What's the solution?
FlashPortrait tackles this by first extracting general facial expression information. Then, it uses a special technique to normalize these features, essentially making sure the core identity isn't lost during the animation process. During the actual animation creation, it cleverly predicts future frames by analyzing how the face is changing, allowing it to skip many of the usual processing steps and speed things up significantly – up to six times faster! It also blends frames smoothly to avoid jarring transitions.
Why it matters?
This work is important because it allows for much faster creation of high-quality facial animations without sacrificing the realism and consistency of the person's identity. This has implications for things like creating personalized videos, improving video conferencing, and making virtual avatars more believable.
Abstract
Current diffusion-based acceleration methods for long-portrait animation struggle to ensure identity (ID) consistency. This paper presents FlashPortrait, an end-to-end video diffusion transformer capable of synthesizing ID-preserving, infinite-length videos while achieving up to 6x acceleration in inference speed. In particular, FlashPortrait begins by computing the identity-agnostic facial expression features with an off-the-shelf extractor.
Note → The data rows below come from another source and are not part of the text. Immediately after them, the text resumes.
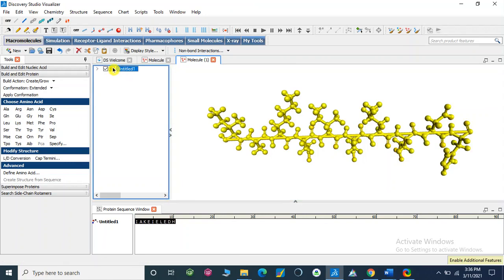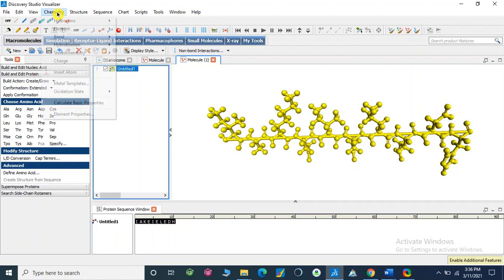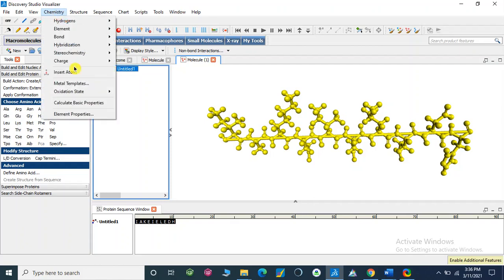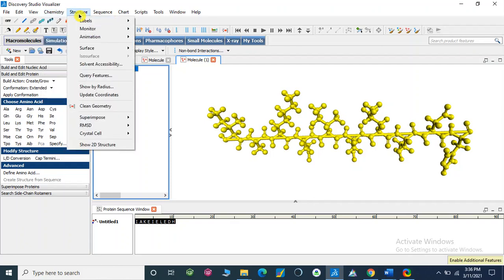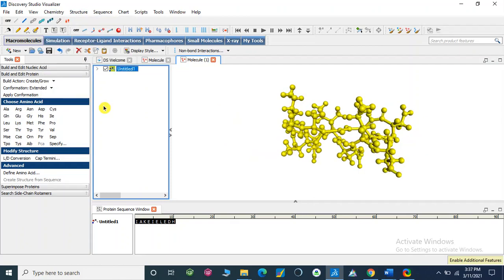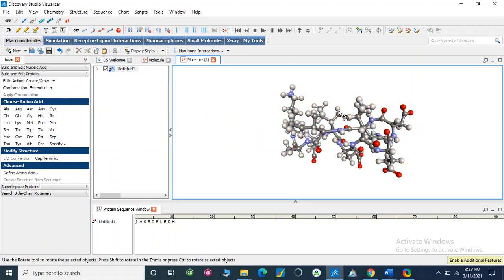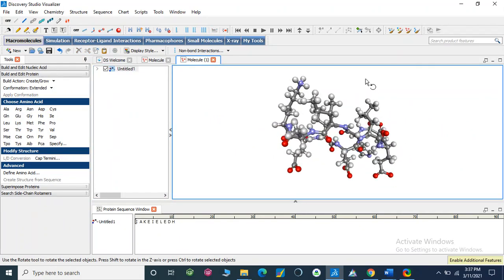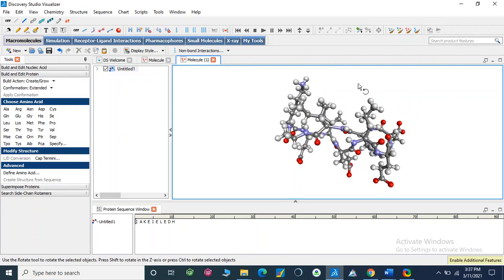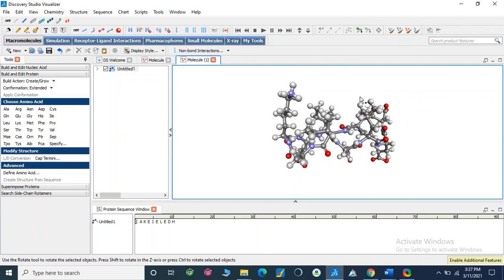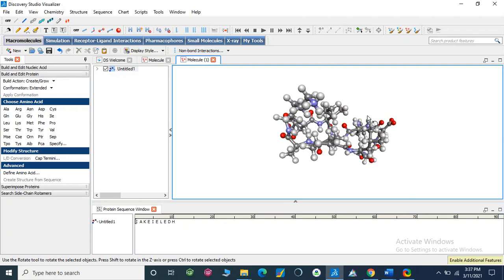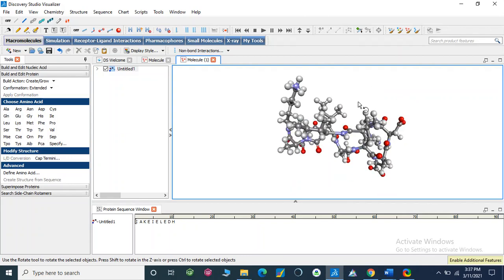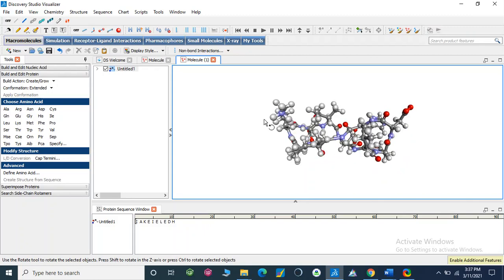Go to Chemistry, Structure, Clean Geometry. This is our cyclopeptide. If you look at here, it is our complete cyclopeptide which we want to synthesize.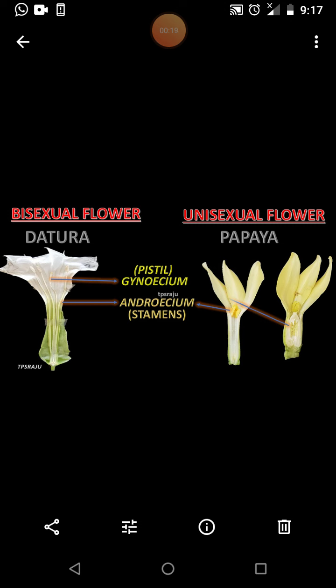First we discuss bisexual flowers. The anthers of the stamens have the ability to produce pollen, which are formed as male cells or male gametes. The anther produces pollen grains which contain the male gametes.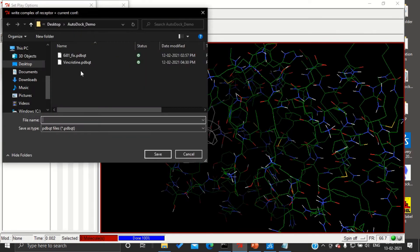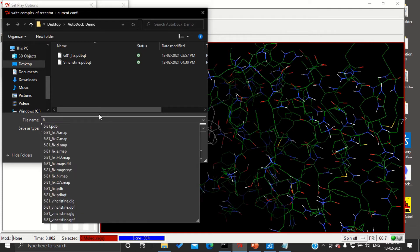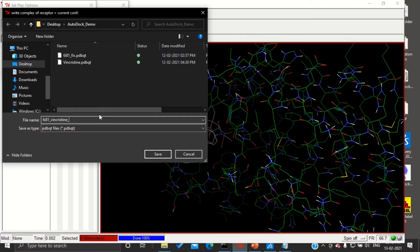We are going to save our complex in pdbqt format. I am going to give the protein name first, that is 6i81, followed by the ligand vincristine, and then followed by the run number, that is run 5 dot pdbqt.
It then introduces a Normalized Facial Expression Block to align facial features with diffusion latents by normalizing them with their respective means and variances, thereby improving identity stability in facial modeling. During inference, FlashPortrait adopts a dynamic sliding-window scheme with weighted blending in overlapping areas, ensuring smooth transitions and ID consistency in long animations. In each context window, based on the latent variation rate at particular timesteps and the derivative magnitude ratio among diffusion layers, FlashPortrait utilizes higher-order latent derivatives at the current timestep to directly predict latents at future timesteps, thereby skipping several denoising steps and achieving 6x speed acceleration. Experiments on benchmarks show the effectiveness of FlashPortrait both qualitatively and quantitatively.